On the Eve of War, Palestinians Hold Their Breaths in Dread

 

By Samah Jabr

March 18, 2003: I watched President Bush announce last night his decision to go to war without United Nations approval and, just after that, the news from Baghdad declaring that President Saddam Hussain will not accept exile, and that there will be a war in the coming two days. The global popular protests, the international demonstrations and letter- and petition-writing campaigns could not prevent the hostilities of the American and British policymakers. Once again, public opinion has failed to change the policy of “might makes right.”

We, living in occupied Palestine, don’t know what to expect in the days and weeks to come. The Israeli government tells its people to prepare their sealed rooms and take out their gas masks, while the Palestinian Authority announces an emergency plan in case of a possible escalation of Israeli violence against Palestinians, as the media focused on Iraq. We hold our breath in dread for the Iraqis, as well as for ourselves and many others in the Middle East.

It is Friday and the whole family is at home.

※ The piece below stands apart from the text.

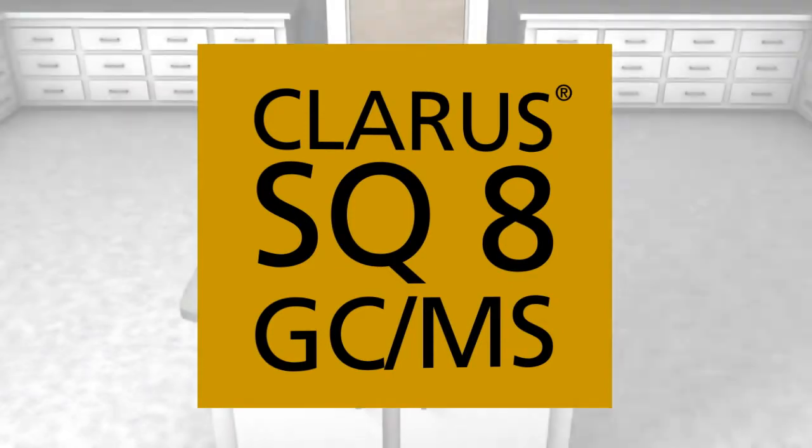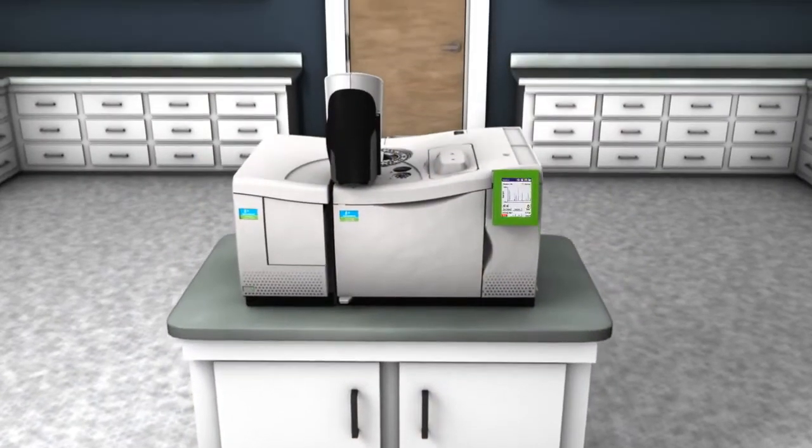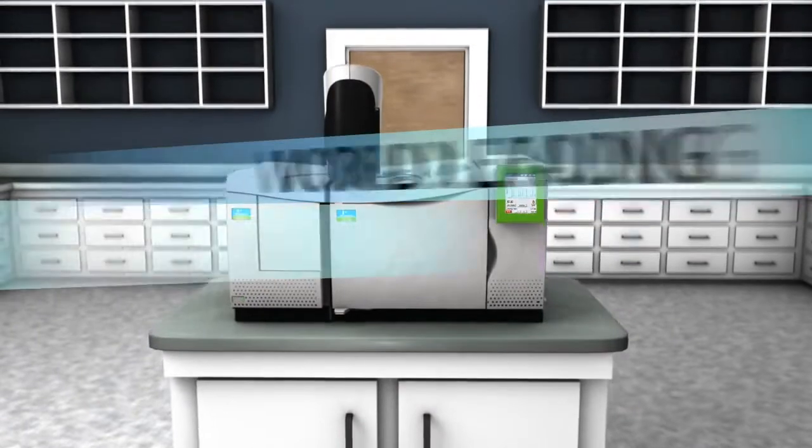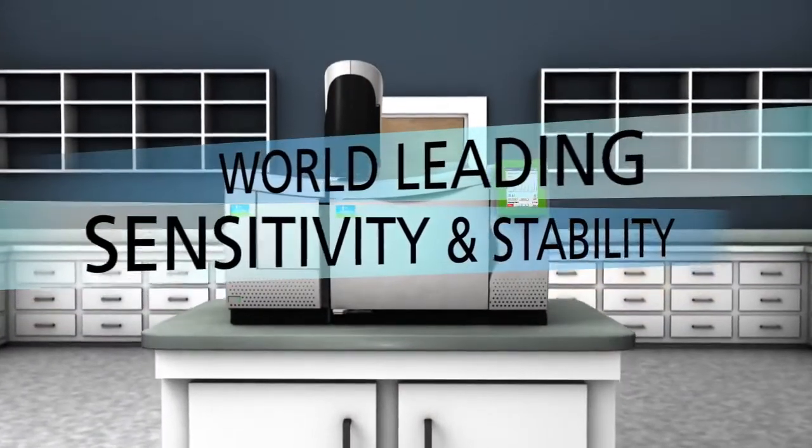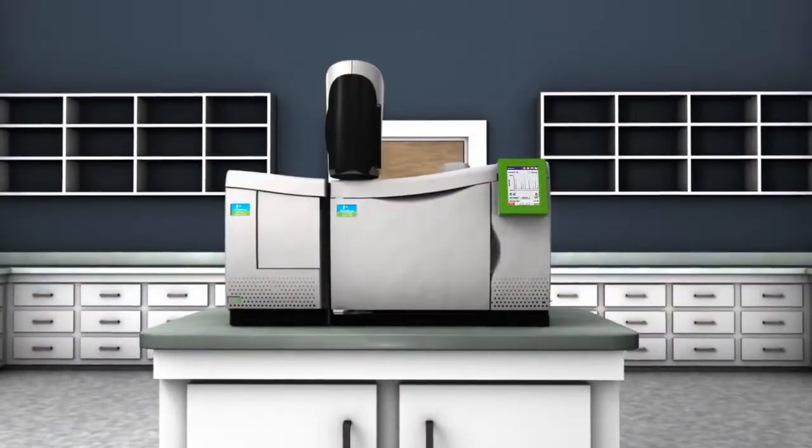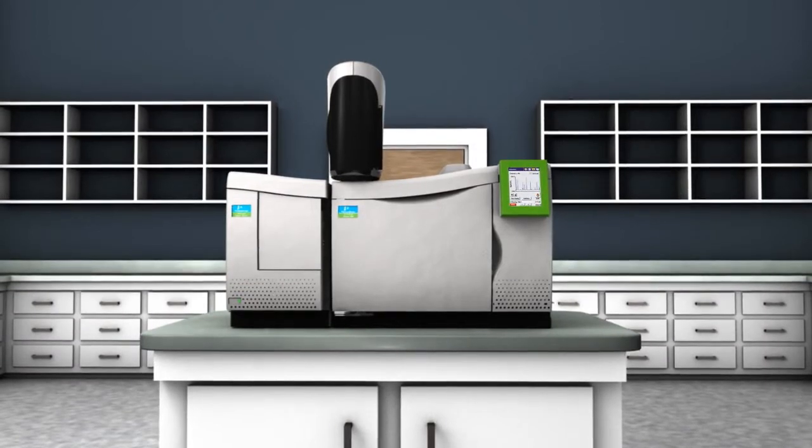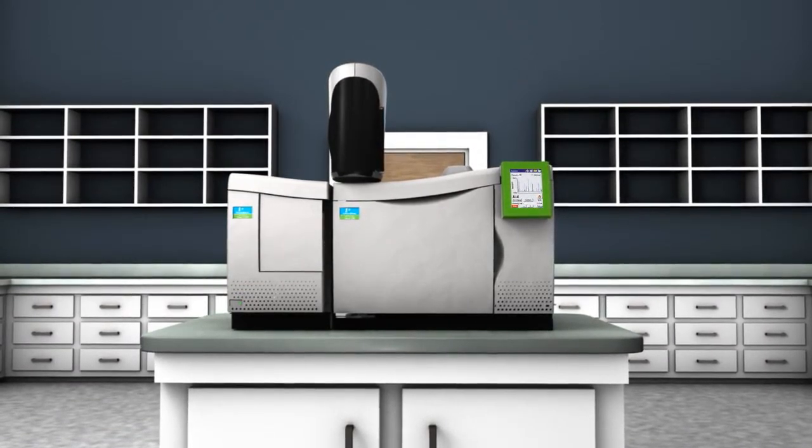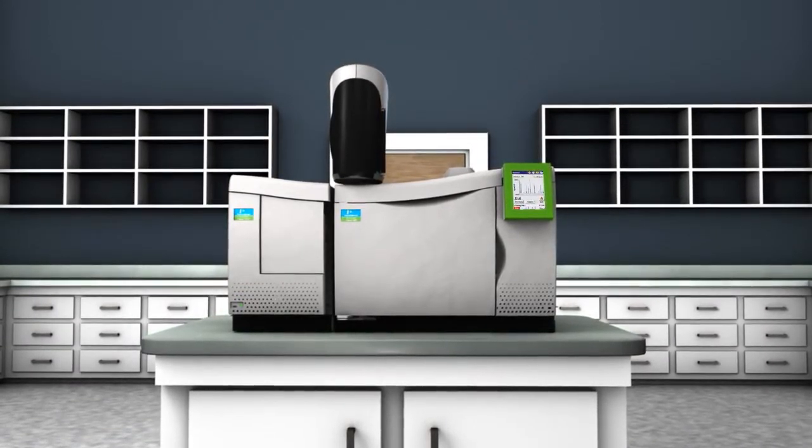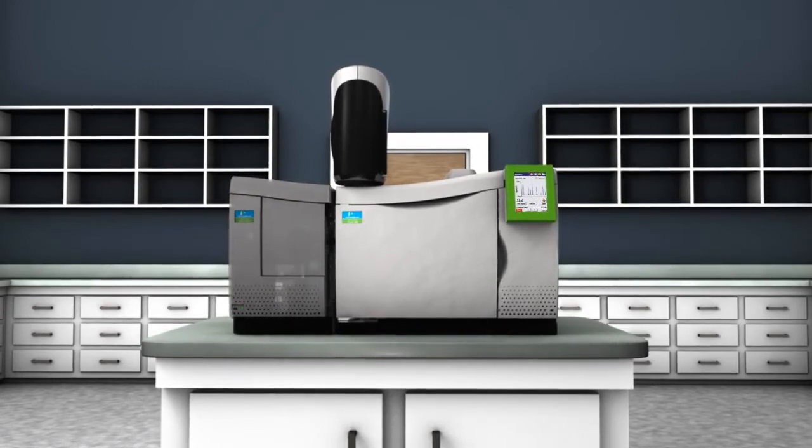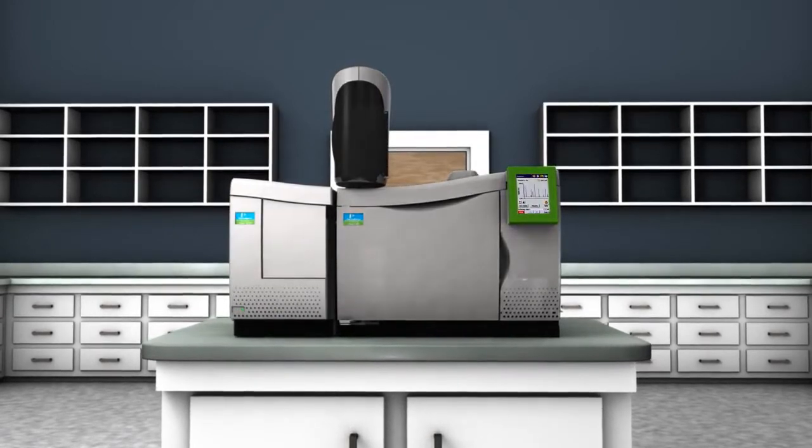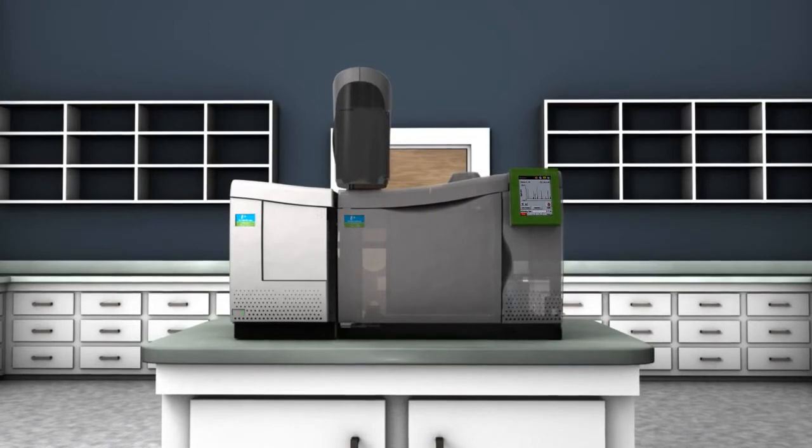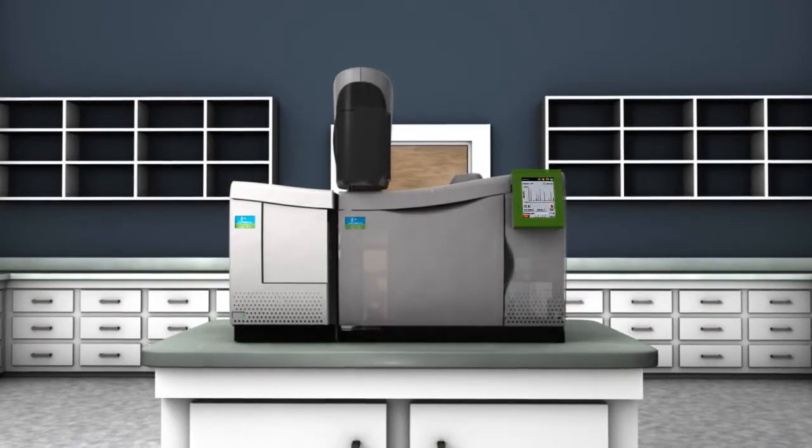The CLARIS SQ8 Gas Chromatograph Mass Spectrometer brings world-leading sensitivity and stability to GC-MS. Engineered to deliver the best, most consistent ultra-trace detection limits, the CLARIS SQ8 GC-MS features exceptional front-end GC capabilities perfectly integrated with a cutting-edge single quadrupole MS detector.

For lunch today we are having dry beans with tomato sauce: “a training for wartime,” as Mom describes it. My brother and I spent the morning storing dried and canned food, and filling bottles of drinking water for an emergency. We took the kids with us to the market to buy candles and batteries, should the electricity go off at any time. My nephews, not really aware of what is going on, insisted that we buy balloons. “Whenever you buy candles, you should buy balloons,” they say. Theirs is the rationale of kids who are assuming the best of the circumstances—a party, I suppose. Even some adults, like my light-hearted brother, have their special coping mechanisms. “Give me my supply of cigarettes, a big pack of nuts and playing cards,” he tells the shopkeeper. “It seems that we’ll be locked in our homes for awhile.”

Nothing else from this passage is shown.